On QSAR modeling with novel degree-based indices and thermodynamics properties of eye infection therapeutics

Front Chem. 2024 May 27:12:1383206. doi: 10.3389/fchem.2024.1383206. eCollection 2024.

Abstract

Topological descriptors are numerical results generated from the structure of a chemical graph that are useful in identifying the physicochemical characteristics of a wide range of drugs. The introduction of molecular descriptors advances quantitative structure-property relationship research. This article focuses on the nine degree-based topological indices and the linear regression model of the eye infection drugs. We introduced two new indices, namely, the "first revised Randic index" and the "second revised Randic index, for the analysis of eye infection drugs. Topological indices are calculated by using edge partitioning, vertex degree counting, and vertex degree labeling. This analysis is done with a scientific calculator and then authenticated with Matlab, a potent tool for examining data. The experimental data and results of the topological indices serve as inputs for the statistical computations and provide the values of intercepts, slopes, and correlation coefficients. All the correlations for the eye-infection drugs are positive, indicating a direct relationship between the experimental and estimated results of the drugs. There are significant results of the p-test for all of the characteristics of eye infection, such as molecular weight, boiling point, enthalpy, flash point, molar refraction, and molar volume, that validate the accuracy of the computations.
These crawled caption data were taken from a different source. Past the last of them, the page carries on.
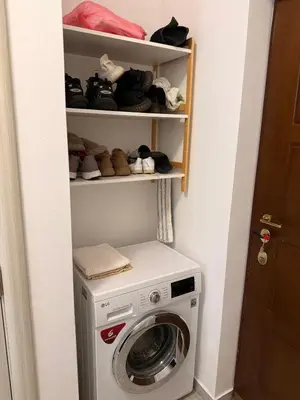 a washer and dryer in a small room at apartman Natali in Budva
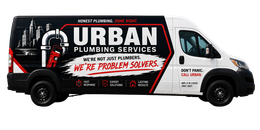 Neon-style sign reading “URBAN PLUMBING SERVICES” in pink, blue, and white on a dark background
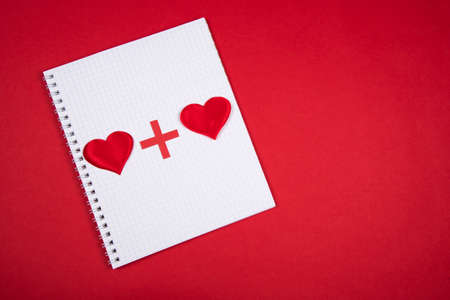Heart plus heart. Two red hearts on white notebook squared paper, red background, lovers together...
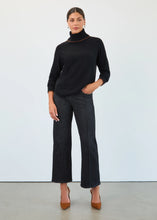 Load image into Gallery viewer, Woman wearing dangling earrings, a black turtleneck sweater, black wash jeans and brown heels against a white background.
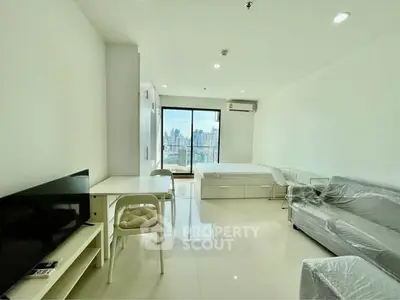 Spacious modern studio apartment with city view and sleek furnishings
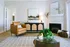 Chic living room featuring a cozy leather armchair, stylish artwork, and a modern fireplace for a warm, inviting ambiance.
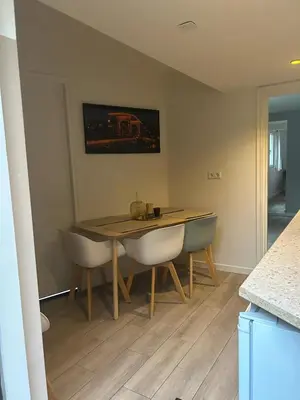 a dining room with a table and two chairs at Lovely tiny house in Zandvoort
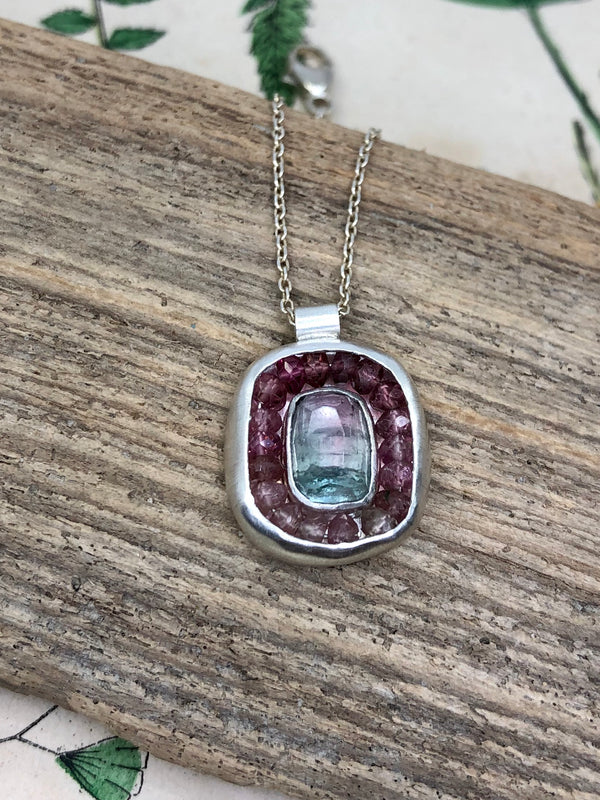 A rose cut bi-color tourmaline is surrounded by a halo of microfaceted ombré pink tourmalines and sterling and fine silver.

• Rose cut bi-color tourmaline 
• Shades of pink tourmaline gems
• Sterling and fine silver 
• Tube bail 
A significant link was determined in this study between the defined indices with two properties: molar weight and molar refraction. The molar weight and molar refraction have a correlation coefficient ranging from 0.9. These results demonstrate a strong association between the indices and the properties under investigation. The linear regression approach is a valuable tool for chemists and pharmacists to obtain data about different medicines quickly and cost-effectively.

Keywords: QSPR analysis; first revised randic index; linear regression model; pharmaceutical chemistry; second revised randic index; vertex degrees.

Grants and funding

The author(s) declare that no financial support was received for the research, authorship, and/or publication of this article.